U.S. v. DeMartino

Decision Date23 April 1997
Docket NumberD,No. 1533,1533
Citation112 F.3d 75
PartiesUNITED STATES of America, Appellee, v. Vincent DeMARTINO, aka Chickie, Defendant-Appellant. ocket 96-1725.
CourtU.S. Court of Appeals — Second Circuit

Andrew Weissmann, Assistant United States Attorney, Brooklyn, NY (Zachary W. Carter, United States Attorney for the Eastern District of New York, David C. James, Peter A. Norling, Assistant United States Attorneys, Brooklyn, NY, on the brief), for Appellee.

George L. Santangelo, New York City (Santangelo, Santangelo & Cohen, New York City, on the brief), for Defendant-Appellant.

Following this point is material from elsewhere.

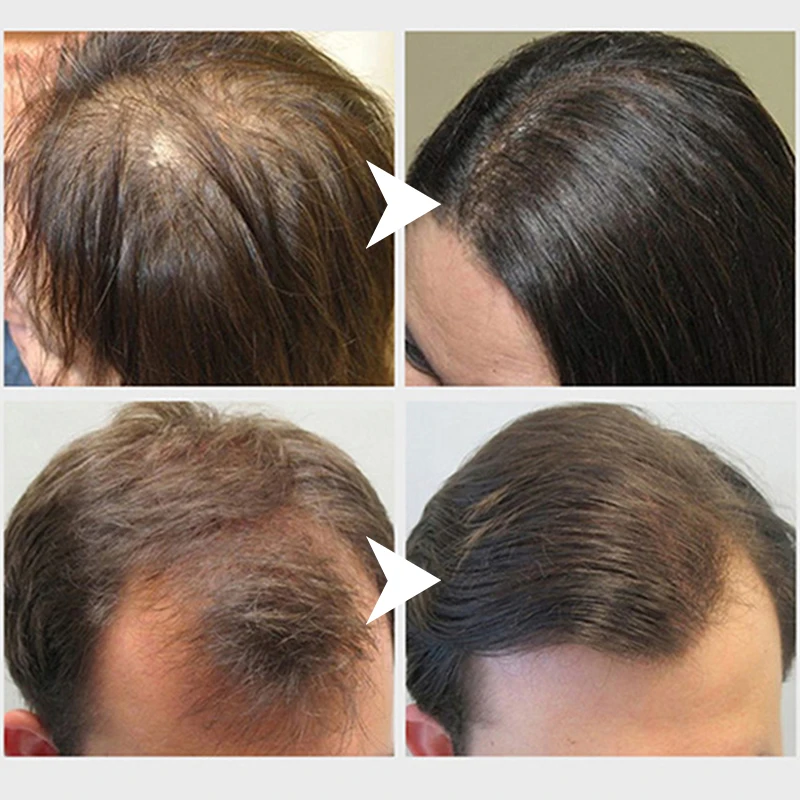 Details more than 78 curcumin hair shedding super hot in.eteachers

Before: OAKES, KEARSE, and ALTIMARI, Circuit Judges.

KEARSE, Circuit Judge:

Defendant Vincent DeMartino, convicted of a firearm offense in the United States District Court for the Eastern District of New York, Edward R. Korman, Judge, appeals from an order denying his motion under Fed.R.Crim.P. 36 for a correction of the written judgment of conviction, to conform that judgment to the sentence pronounced on him orally by the court at the sentencing hearing. The district court held that Rule 36 was inapplicable because the deviation of the written judgment from the oral pronouncement was not a clerical or technical error, but was an intentional change by the court because the oral pronouncement did not reflect the court's intention. On appeal, DeMartino urges that we direct the district court to enter written judgment in accordance with the sentence imposed orally. For the reasons that follow, we conclude that relief was not available under Rule 36, but that, since the judgment of conviction improperly deviated from the oral sentence, the written judgment should have been vacated pursuant to 28 U.S.C. § 2255. Because we conclude that the oral sentence too may have been flawed, we remand for resentencing.

I. BACKGROUND

Following a jury trial in 1992, DeMartino, a convicted felon, was found guilty of possessing a firearm in violation of 18 U.S.C. § 922(g)(1). DeMartino possessed the firearm shortly after being released on parole in connection with a conviction for bank robbery; the possession violated the terms of his parole; and as a consequence, DeMartino was promptly reincarcerated to serve the remainder of his term for the robbery conviction. On April 23, 1993, DeMartino appeared before the district court for sentencing on his firearm offense.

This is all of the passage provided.